WORK REQUEST
A verbatim transcript of the data that follows, free of images, is the expected result.

GIVEN INFORMATION
▶
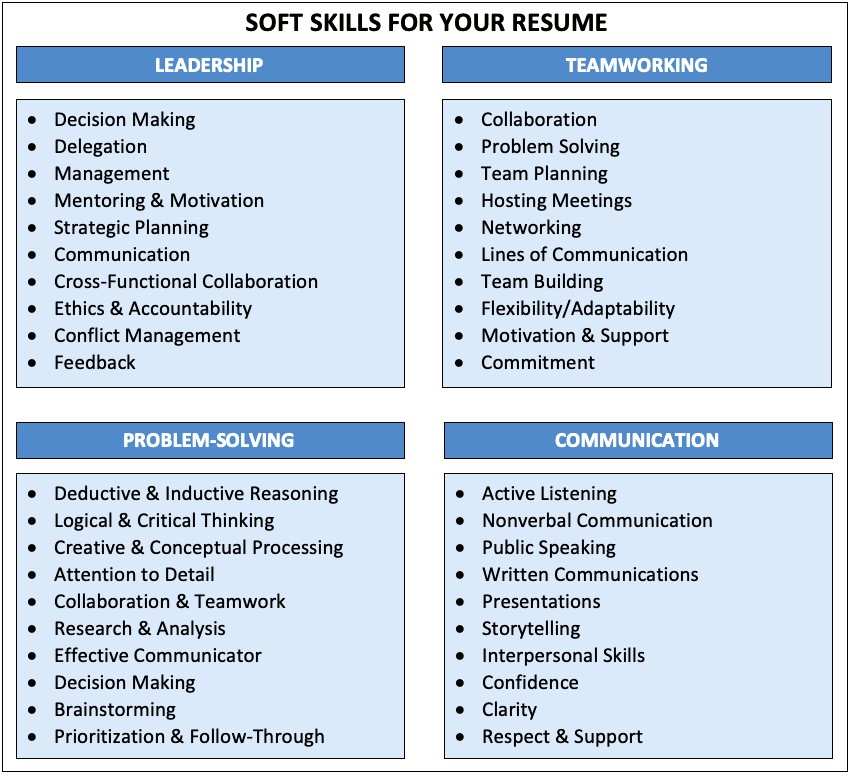 Social Skill And Team Spirit On Resume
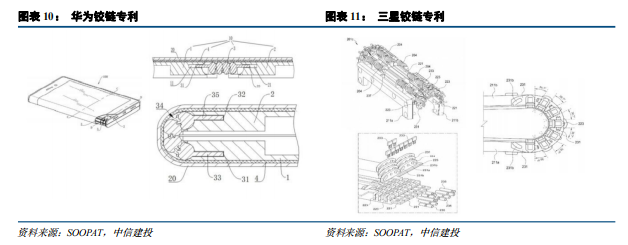 【中信建投电子|刘双锋&雷鸣团队】折叠屏深度报告:从“尝鲜”到“常用”,产业链迎发展契机
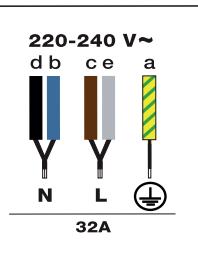 DE DIETRICH DPI4332BP - SAHKÖLIITÄNTÄ - 1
◀
SOLUTION BELOW
 Social Skill And Team Spirit On Resume
 【中信建投电子|刘双锋&雷鸣团队】折叠屏深度报告:从“尝鲜”到“常用”,产业链迎发展契机
 DE DIETRICH DPI4332BP - SAHKÖLIITÄNTÄ - 1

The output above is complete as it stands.